The aliases file contains lines with two fields separated by a vertical pipe "|". The first field is the friendly alias, the second the real name of the package. If you want multiple aliases, just add multiple lines to the file.
The catalog file contains lines with 5 fields separated by a vertical pipe "|".The first field is the package name, the second the current version, the third a space-separated list of packages this package depends on, the fourth the size of the file in bytes, the fifth is an MD5 checksum of the file. There's a trailing "|" in this case to terminate the line. The size and checksum are used to verify the download was successful and didn't corrupt the file. If you want to be sure that it's actually the package it claims to be then packages can also be signed.
Here's an example line in the catalog:
TRIBabook|0.5.6.0|TRIBreadline|66923|d98f77cfb3e92ee6495e3902cc46486f|So the TRIBabook package has a current version of 0.5.6.0, depends on the TRIBreadline package, and has the given size and checksum. It's in the file called TRIBabook.0.5.6.0.zap.
The build repo has scripts that create the catalog and aliases files, which I use for convenience. They do make some assumptions about my package build pipeline, so it might be easier to manage the files by hand.
So, having got a nice place on the web that has your packages and a catalog and some aliases, how does Tribblix know to use it?
Assuming your repository is called myrepo, you need to add a file /etc/zap/repositories/myrepo.repo, containing something like the following (which is the configuration for the main tribblix repo in the milestone 18 release)
NAME=tribblix
DESC=Tribblix packages
URL=http://pkgs.tribblix.org/tribblix-m18/
SIGNED=tribblix
If you aren't signing packages (and how to add the keys to the client is an exercise for the reader) then omit the SIGNED line. The NAME in this case would be myrepo, the DESC is whatever you make it, and the URL points at the directory containing the files.

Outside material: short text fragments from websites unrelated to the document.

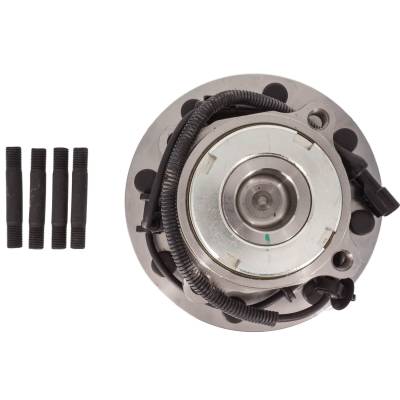 Rareelectrical - Front Hub Bearing Assembly Compatible With 1999-2004 Ford F-450 Super Duty F-550 4-Lug Abs - Image 7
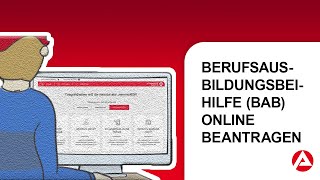 Berufsausbildungsbeihilfe online beantragen [upl. by Ellsworth]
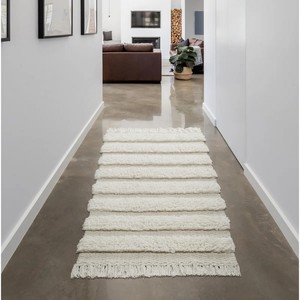 Custom Logo Jacquard Cotton Bath Mat for Hotels <b>White</b> Plush Floor <b>Towel</b> for Guest Room Use - Product Image 6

That's almost it. The other thing you need to do is add the repository to the list of repos that zap will search, which is held in the /etc/zap/repo.list file. By default, this contains
100 tribblix
200 illumos
300 oi
That's a simple list, and the number is a priority, lower numbers have higher priority - they're searched first.
(What the priority scheme means is that if you have a package with the same name in multiple repos, the one in the highest priority repo is the one that will be used. For example, the ssh packages used to come from illumos. As we've moved to openssh, all I had to do was put the new openssh packages into the tribblix repo with the same package names they had before and they were installed instead. Of course, you have to be careful that the replacement package delivers the correct functionality, especially if it's delivering shared libraries.)
If your package names are unique to you (for instance, if you name them MYPKGfoo rather than TRIBfoo) then the priority doesn't matter. If you're deliberately trying to override some of the built-in packages, then your repo has to be the highest priority one so it gets searched first.
If you then utter 'zap refresh' it should go and retrieve the catalog and aliases files and then be set up to use them.
And yes, it would be nice if zap had the facility to manage repos for you - that's planned, I just need to implement it.